スマホなどの携帯電話を買い替えた世帯はどれほどいるのだろうか
2017年は2割強の世帯が携帯買い替えを体験
通話機能はもとよりインターネットへのアクセスを介した多種多様な機能の実装で、魔法の情報ツール的な存在となりつつある携帯電話。中でも、従来型携帯電話よりはるかにパソコンに近いスマートフォンの存在は、人々の生活を大きく変化させつつある。今回はそれら携帯電話の世帯ベースでの買い替え動向について、内閣府が2017年4月に発表した「消費動向調査」の内容をもとに、実態を確認する。
今件における「買い替えをした世帯」とは、携帯電話(スマートフォンと従来型携帯電話双方)を所有していなかった世帯が新規に購入するケースでは無く、以前から所有していたが新たに買い替えをした世帯の割合。
まずは総世帯、つまり全世帯における世帯単位の携帯電話買替状況。2017年は20.8%とあるので、2割強の世帯が携帯電話の買い替えを経験していることになる。
直近の2017年は前年2016年と比べるといくぶん高め。4年分しか経年データが取得できないため、この上げ転換が単なるぶれの範囲なのか、別の理由があるのかまでは判断が難しい。また新規購入世帯はカウントされていないことに注意。他の耐久消費財と比べると値が高めのように見えるが、単価が安いことに加え、世帯構成人数が複数の場合、いずれか一人でも買い替え経験者が居れば該当世帯となるため、高めの値が出るのは道理が通る。
これを買い代え理由別に見たのが次のグラフ。
「その他」「住居変更」は前年から減少しているが、「上位品質」「故障」は増加。該当期間にiPhone SEやiPhone7/7Plusの発売が始まったことから、旧タイプのiPhone所有者が良いタイミングと判断して買い替えを決断した事例が多かった可能性はある(「故障」も以前から何らかのトラブルを抱えていたが、新機種発売を機会に、というパターン)。
続いて直近年における主要属性別。
やはり若年層世帯の買い替え率が高い。29歳以下がいくぶん低めなのは、今件では計上されない初購入世帯もあるからだろう。また、世帯年収別ではきれいな形で高年収ほど高買い替え率が出ている。年収750万円以上の世帯では3割強が携帯電話の買い替えを果たしている。
独り身と夫婦世帯の違い
携帯電話はある程度買替世帯数も多く、計算上のぶれもあまり気にせずとも良い状況にあることから、単身世帯(世帯主のみ)と二人以上世帯(世帯が二人以上で構成)それぞの動向をざっと確認しておく。
まずは全般的な買い替え率。
二人以上の方が当然世帯単位の携帯電話数が多くなるので、買い替えの可能性も高くなる。結果として、買い替え世帯率も高くなるのは物の道理。二人以上世帯では2割強で携帯電話の買い替えが行われてる。
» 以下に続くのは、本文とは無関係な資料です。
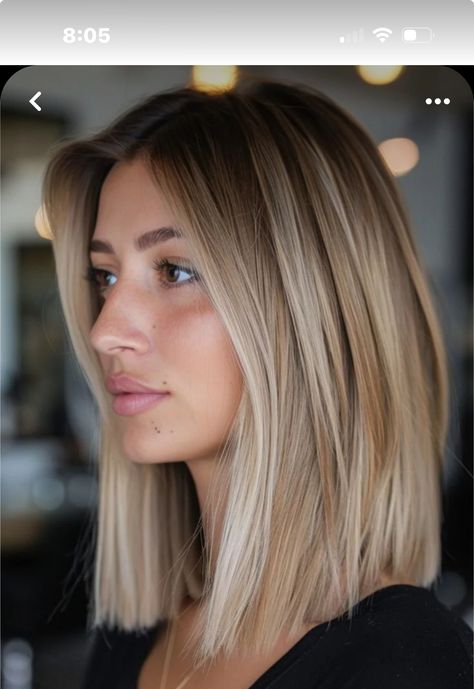 Long Balayage Bob, Mid Length Blonde Hair Balayage Straight, Bronde Bob Straight, Long Bob Haircuts For Fine Hair, Dark Blonde Hair Straight, Short Medium Blonde Hair, Bob Balayage Blonde, Long Bob With Face Framing Layers, Clavicle Length Hair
続いてこれを買い替え理由で細分化したのが次のグラフ。
単身よりも二人以上の方が「上位品目」による買い替えがされやすい傾向がある。子供がいる世帯では上位機種をせがまれたり、あるいは従来型携帯電話からスマートフォンへのシフトが行われる関係だろう。
最後は直近年における各種属性別の動向。
若年層世帯の方が買い替え率は高いのは世帯種類で変わらず。二人以上世帯の30歳未満でやや突出した値が出ているのは、該当買換え世帯が15世帯しかないための統計的なぶれによるところが大きい。
他方年収別では二人以上世帯はほぼ比例する形で高年収ほど高買い替え率を示すものの、単身世帯では中堅クラスが最大値を示し、それ以上の年収ではむしろ下がる傾向にあるのが興味深い。高性能機を所有し、あるいは現状の端末で満足し、買い替える必要を感じていないのかもしれない。